L’idea che una teoria o una scoperta “impossibile” possa essere finalmente discussa in una sede ufficiale segna una svolta. Non è più solo un confronto tra scettici e credenti, ma un passo verso la democratizzazione del sapere scientifico.
Molti commentatori indipendenti hanno definito l’audizione un “evento spartiacque”: per la prima volta, le istituzioni aprono una finestra su una narrazione che per decenni era considerata marginale, perfino pericolosa.
Le reazioni ufficiali e il tentativo di ridimensionamento
Subito dopo l’evento, Centinaio ha dichiarato di aver semplicemente concesso la sala, senza avallare i contenuti presentati.
I principali organi di stampa hanno parlato di “conferenza controversa”, spesso sottolineando l’imbarazzo istituzionale. Tuttavia, anche questo riflesso mediatico ha contribuito a una nuova visibilità del caso.
Per i sostenitori della rivoluzione Majorana, questa reazione è la prova che il sistema ancora resiste: il vecchio paradigma scientifico tenta di preservarsi delegittimando ciò che non controlla. Ma, dicono, la macchina ormai è uscita dal mito per entrare nella storia.

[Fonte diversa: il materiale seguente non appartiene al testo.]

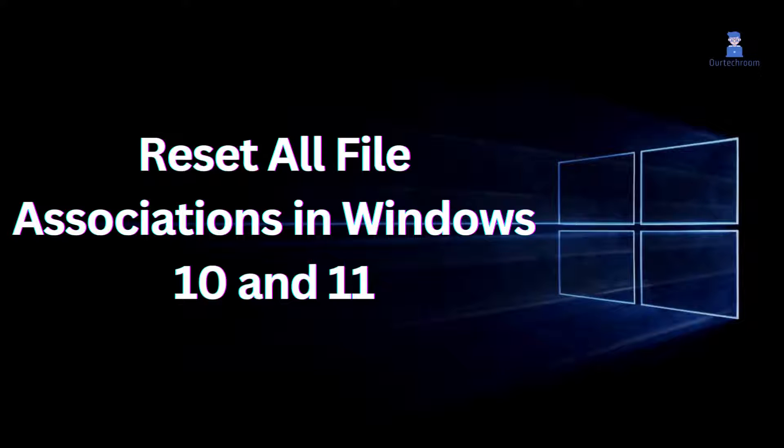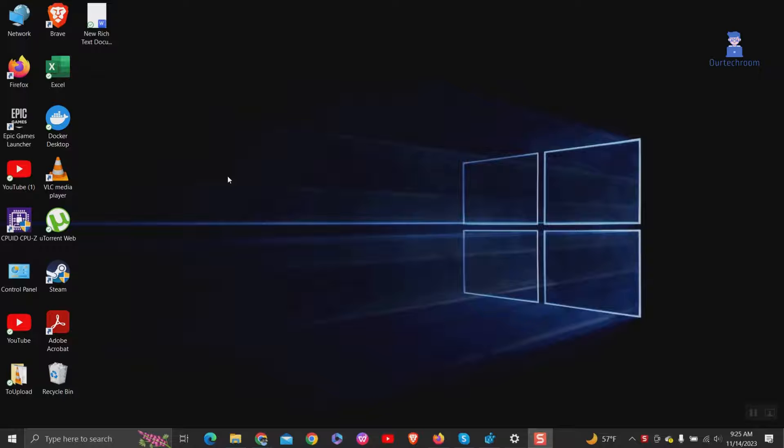In this video, I will show you how to reset all file associations in Windows 10 as well as 11. Let's look first in Windows 10.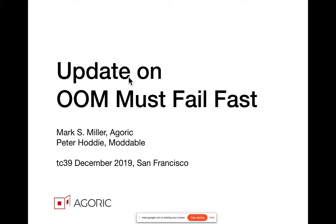Last time I presented on out of memory, must fail fast. By out of memory, I include both heap memory and stack.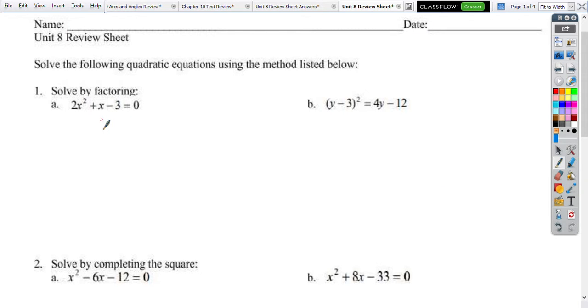Welcome to the Chapter 8 Review Sheet. I'll be your host, Mr. C. Alright, first one is solving by factoring. So remember our checklist: GCF first.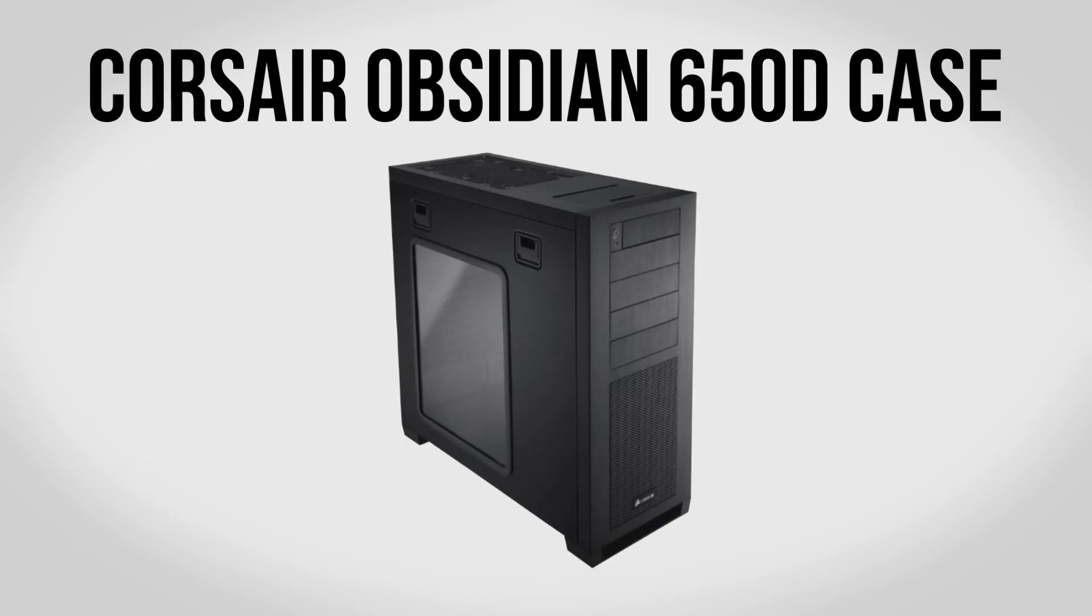For a case we're going to be using the Corsair Obsidian 650D. Now this is a very popular case and for good reason. It's an all-around great performer. However, before we go into it I definitely do want to mention that if you want to customize anything as far as the aesthetics of this build go, the case is definitely where you should start.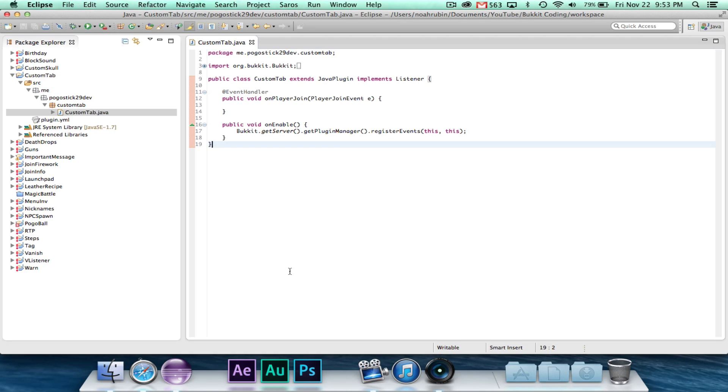Hey guys, POSIX29 here. Welcome to episode number 54 of Bucket Coding. In this episode, I am going to show you guys how to customize the tab overlay on your server using a little API called Tab API.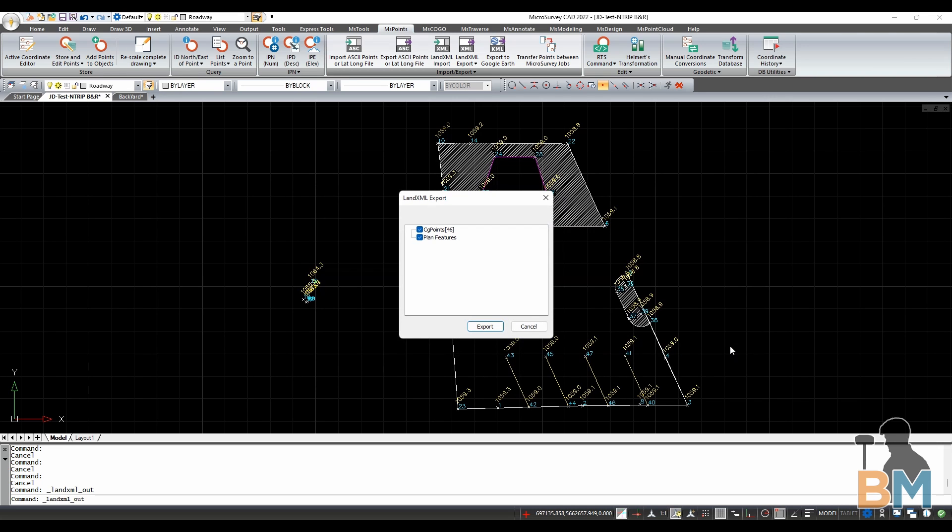You now have the opportunity to toggle the types of entities that will be included in the new file. When you're ready, click export.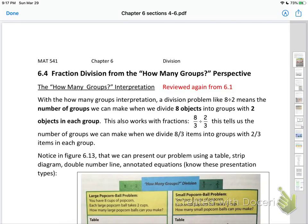In this video we're going to start talking about fraction division. Similar to the beginning sections of chapter 6, they do it two different ways. The first way they come at it is from the how many groups interpretation. A division problem like 8 divided by 2 means the number of groups we can make when we divide 8 objects into groups with 2 objects in each group, so we can make 4 groups.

Scienza e libertà: cosa rappresenta oggi Majorana
L’audizione Majorana al Senato non è la fine di un mistero, ma il suo ritorno alla luce.
La figura di Majorana, avvolta per ottant’anni da nebbie biografiche e interpretazioni, diventa ora simbolo di libertà intellettuale: il ricercatore che avrebbe oltrepassato i limiti della fisica nota e che, secondo chi ne continua l’opera, avrebbe lasciato all’umanità un dono proibito.
Che si creda o meno alla macchina, l’evento al Senato ha un valore politico: riporta il discorso scientifico nel dominio pubblico, rompendo la separazione tra sapere tecnico e coscienza collettiva.
Verso una nuova stagione di ricerca indipendente
Da questa audizione potrebbe nascere un effetto domino. Università, centri privati, gruppi indipendenti stanno chiedendo di accedere ai materiali esibiti e di poter analizzare le presunte tecnologie con strumenti propri.
Il rischio è quello di una nuova ondata di polarizzazione, ma anche la promessa di un rinnovamento del metodo scientifico, più trasparente e meno dipendente da poteri economici o statali.
La macchina di Majorana, qualunque cosa essa sia, diventa simbolo di un’epoca in cui la conoscenza non appartiene più solo a chi detiene il timbro dell’autorità.
Conclusione
L’audizione Majorana al Senato ha rotto un silenzio lungo decenni.
Al di là delle opinioni e delle prove ancora da verificare, l’evento ha mostrato una cosa inequivocabile: la sete di verità non è morta, e la fiducia cieca nel monopolio scientifico vacilla.
Molti italiani — e non solo — sentono di assistere alla nascita di un nuovo paradigma: la possibilità che la scienza torni a essere un campo aperto, libero, umano.
Forse Majorana non è mai scomparso davvero. Forse ha solo atteso che qualcuno avesse il coraggio di ascoltare.